Who was Jesus? I'm not right sure. I do believe he was someone that regular folk were impressed enough by to write about him. I believe he turned some tables over, but people were far more preoccupied by the tables than what the act really meant, and therefore his existence has not been preserved accurately. Instead he has been shaped by agenda and fear and the loss of time. How did he know to turn the tables over? Probably, he was a revolutionary and had seen first hand the damage done by the religion of the day. Conceivably, he was more than all that, because something draws me to him yet. But I believe most of religion has missed his point entirely...and I seek to rediscover that point in my own life. The first step is freedom. Jesus ,to me, is an example to follow, not a dogma to cling to.
Quite new-agey, right? Maybe from a listeners perspective; not from my own. But, then, the term "God" is always and entirely user defined, and I have defined mine. While I believe there is a force that is greater than the sum of our knowledge, and I believe that force is benevolent, it is not the God of any religion. I believe science is able to move us always toward a new understanding of the cosmos, but that understanding is always fluid. I believe that understanding as it is revealed refuses to deny the reality of something bigger than ourselves. What, exactly, remains to be seen. The universe is the great Creator -- it gives life because of a process it cannot stop and cannot control, and never consciously began. It just IS. Or, "I AM". I find God in the stars and trees and rivers and wind -- not because those things are gods, but because there is LIFE in them. Origins, freedom, motion and mystery.
The point of my post is that somehow in the last weeks I have come across something that has freed me to admit the whole truth. While I haven't chosen a defined -ism and will be the last to jump onto any bandwagon, I have found words that give permission to where my spirit lies. However, I'm not going to tell you what those are, because above all, I believe the spiritual journey is highly personal and it's highly likely you might misunderstand me to be a subscriber of something I am not.

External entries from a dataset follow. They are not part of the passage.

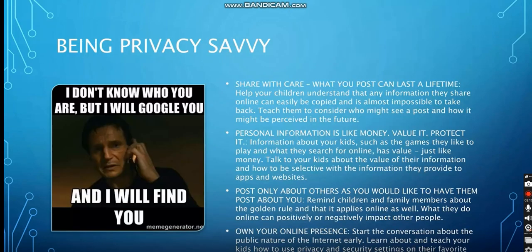How to be private, or how to share your information with care? First of all, your personal information is like money — you should value it and protect it. Don't give it to anyone; give it only to people that you trust, like a bank that needs your information or a job that you're applying to. Any personal information that someone is asking you for, don't give it to anyone on the internet.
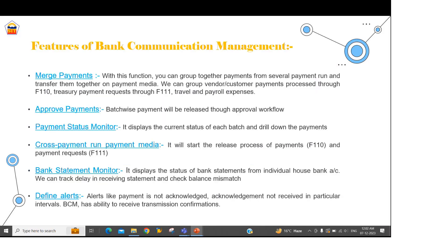What are the features we have in BCM? First of all, through BCM we will be able to create different batches. All the payments under different payment runs — whether for vendors or customers processed through F110, treasury payment requests created through F111, or payroll and travel expenses — all these can be merged according to different batches.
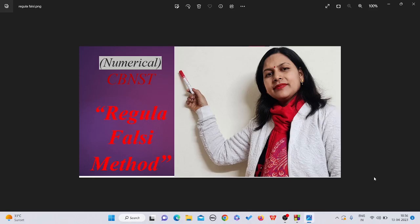Hello friends, welcome back to the channel. We are in Techno World and in today's video I will tell you about the Regula Falsi method. Basically in this video I will show you how to write a C program for the Regula Falsi method.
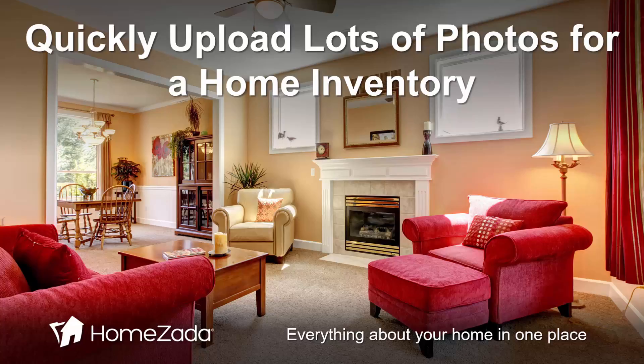Having lots of photos of your home is very valuable for insurance, maintenance, and even estate planning purposes.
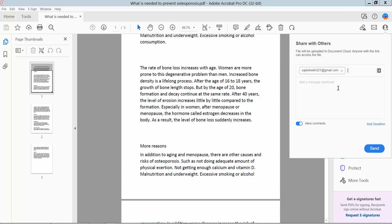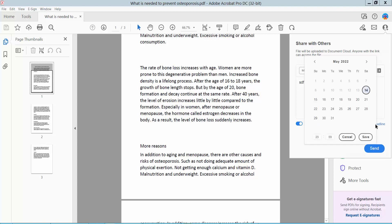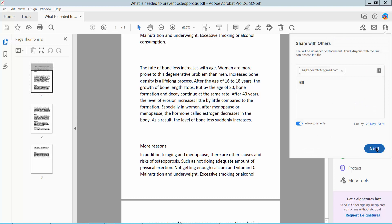Enter the email address and type your message. You can set a deadline and save. Finally, click Send.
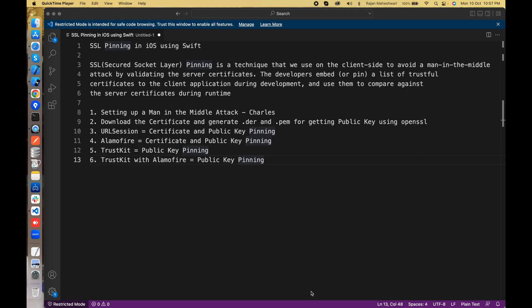Hello guys, the topic for this video series will be SSL pinning in iOS using Swift.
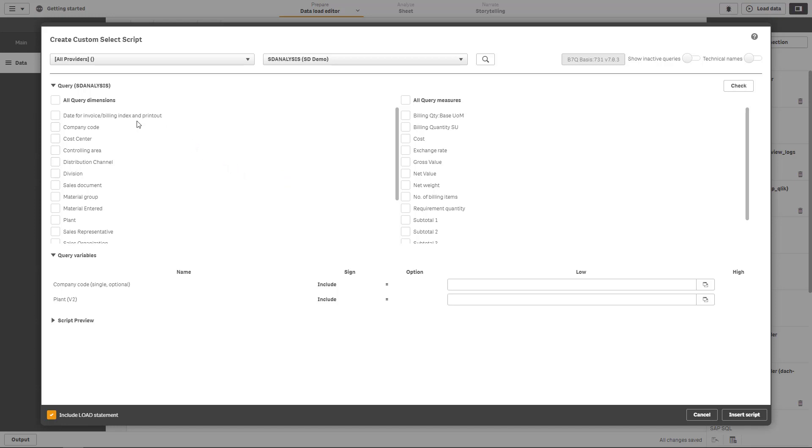On the left hand side you see the query dimensions and the more dimensions you select the more data will be added to Qlik Sense. Imagine that you have a dimension maybe called calendar year and you have data for three years within the data provider which is behind this query. This will result in three rows that we just retrieved from SAP.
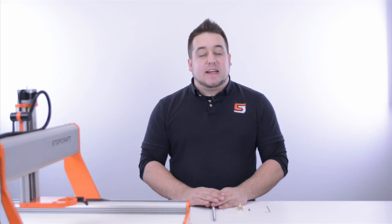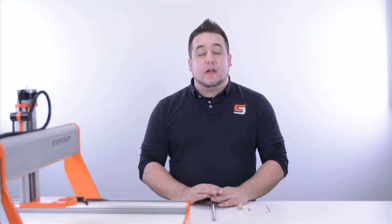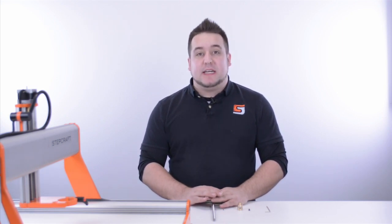Hi, this is Greg with stepcraft support. In this video we'll be taking a look at the anti-backlash lead screw nut. Although you can compensate for mechanical backlash in UCCNC, the anti-backlash lead screw nuts will help you minimize the mechanical backlash.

While I will always continue to seek, I have discovered something in myself. I can't believe it's taken six years to get to this point. Then again, I can. It's a long journey, unfolding. It's unlearning decades of beliefs, and opening my arms wide to what I've always known -- that Creator is out there in the spaces between religion and science, filling in the gaps as a placeholder until the two shall meet.
As always, I reserve the right to change my mind tomorrow. However, I feel more peace and wholeness than I have any time in these nearly six years. I have given myself permission to believe what I believe and to feel what I feel and to know what I know, without having to put it into any box.
It is a neverending story, and I look forward to it's continued unfolding.